Abstract
BACKGROUND AND PURPOSE: Postdural puncture headache, a known complication of lumbar puncture, typically resolves with conservative management. Symptoms persist in a minority of patients, necessitating an epidural blood patch. One method of decreasing rates of postdural puncture headache is using atraumatic, pencil-point needles rather than bevel-tip needles. To the best of our knowledge, this is the first study comparing epidural blood patch rates between pencil- and bevel-tip needles with a subgroup analysis based on body mass index.
MATERIALS AND METHODS: This single-institution retrospective study identified 4435 patients with a recorded body mass index who underwent a lumbar puncture with a 22-ga pencil-tip Whitacre needle, a 20-ga bevel-tip Quincke needle, or a 22-ga Quincke needle. The groups were stratified by body mass index. We compared epidural blood patch rates between 22-ga pencil-tip Whitacre needles versus 22-ga Quincke needles and 22-ga Quincke needles versus 20-ga bevel-tip Quincke needles using the Fischer exact test and χ2 test.
RESULTS: Postdural puncture headache necessitating an epidural blood patch was statistically more likely using a 22-ga Quincke needle in all patients (P < .001) and overweight (P = .03) and obese (P < .001) populations compared with using a 22-ga pencil-tip Whitacre needle.
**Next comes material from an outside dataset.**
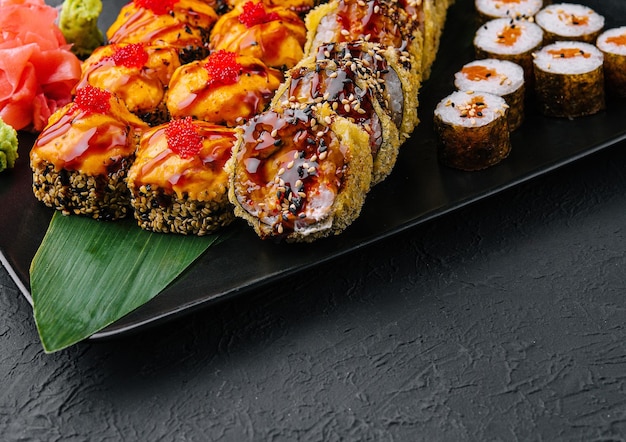 Zdjęcie japońskie sushi na czarnym kamiennym talerzu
In the normal body mass index population, there was no statistically significant difference in epidural blood patch rates when using a 22-ga pencil-tip Whitacre needle compared with a 22-ga Quincke needle (P = .12). There was no significant difference in epidural blood patch rates when comparing a 22-ga Quincke needle versus a 20-ga bevel-tip Quincke needle in healthy (P = .70), overweight (P = .69), or obese populations (P = .44).
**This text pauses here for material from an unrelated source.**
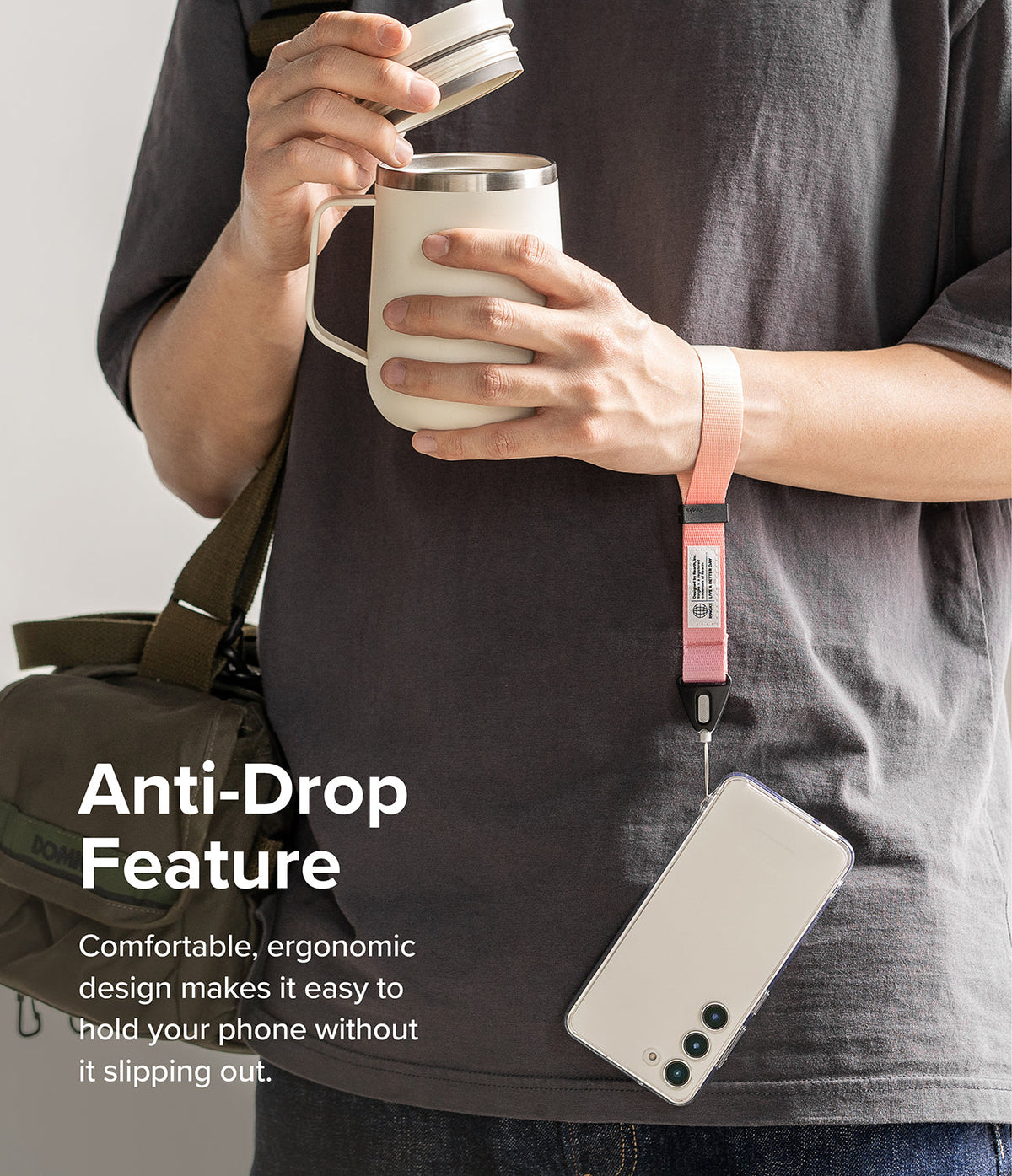 Hand Strap | Basic - A person wearing a pink fabric wrist strap attached to a smartphone, holding a mug with their other hand.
CONCLUSIONS: Using a 22-ga pencil-tip Whitacre needle resulted in lower epidural blood patch rates compared with a 22-ga Quincke needle in all patients. Subgroup analysis demonstrated a statistically significant difference in epidural blood patch rates in overweight and obese populations, but not in patients with a normal body mass index.
ABBREVIATIONS:
- BMI
- body mass index
- EBP
- epidural blood patch
- LP
- lumbar puncture
- PDPH
- postdural puncture headache
- 20Q
- 20-ga bevel-tip Quincke needle
- 22Q
- 22-ga bevel-tip Quincke needle
- 22W
- 22-ga pencil-tip Whitacre needle
The lumbar puncture (LP), first introduced in the late 1800s, is a common and critically important minimally invasive procedure performed across varied medical specialties. Most commonly performed as a diagnostic procedure to obtain CSF for laboratory testing, LPs are also performed for myelography and various therapeutic applications.1 The risk of severe complications associated with LP is low; however, minor complications are frequently encountered in clinical practice, the most common being a postdural puncture headache (PDPH).2,3 Characteristics of PDPH commonly include positional exacerbation in the upright position. Patients may also experience neck stiffness, nausea, vomiting, hearing loss, tinnitus, vertigo, visual disturbances, and paresthesia. In severe cases, symptoms can include cranial nerve palsies and seizures.1
The cause of PDPH is believed to be secondary to leakage of CSF from the dural defect created by the needle during the LP.1,4,5 There are several accepted noninvasive strategies and treatments to alleviate PDPH; however, the most common invasive treatment is the epidural blood patch (EBP).6,7 An EBP requires the patient to undergo another procedure during which a sterile blood draw is performed and subsequently injected into the patient’s epidural space to mitigate the leakage of CSF from the dural defect. No current consensus exists for the optimal amount of autologous blood to introduce into the epidural space, with the maximum volume dependent on the patient’s tolerance. This supplementary procedure for treating PDPH not only carries additional risks of complications, including temporary worsening of headache, infection, low back pain, and radicular pain, but also results in increased cost to the patient and institution.1
Numerous studies have been conducted to identify the factors related to the increased incidence of PDPH.5,8⇓-10 Needles with pencil-point atraumatic tips have been shown to decrease the rates of PDPH compared with conventional needles with a sharp bevel tip (Figure).1,5,8⇓-10 Additional identified predisposing factors for PDPH include female sex, prior PDPH, and needle size.4,9,11 The impact that body mass index (BMI) has on rates of PDPH is unclear, with prior studies providing evidence that a higher BMI may be protective.9,12
A, A conventional needle with a sharp bevel tip has a cutting tip with the needle orifice incorporated within the tip. B, A pencil-point atraumatic tip has a blunt tip. The orifice is not directly continuous with the tip but rather adjacent to it.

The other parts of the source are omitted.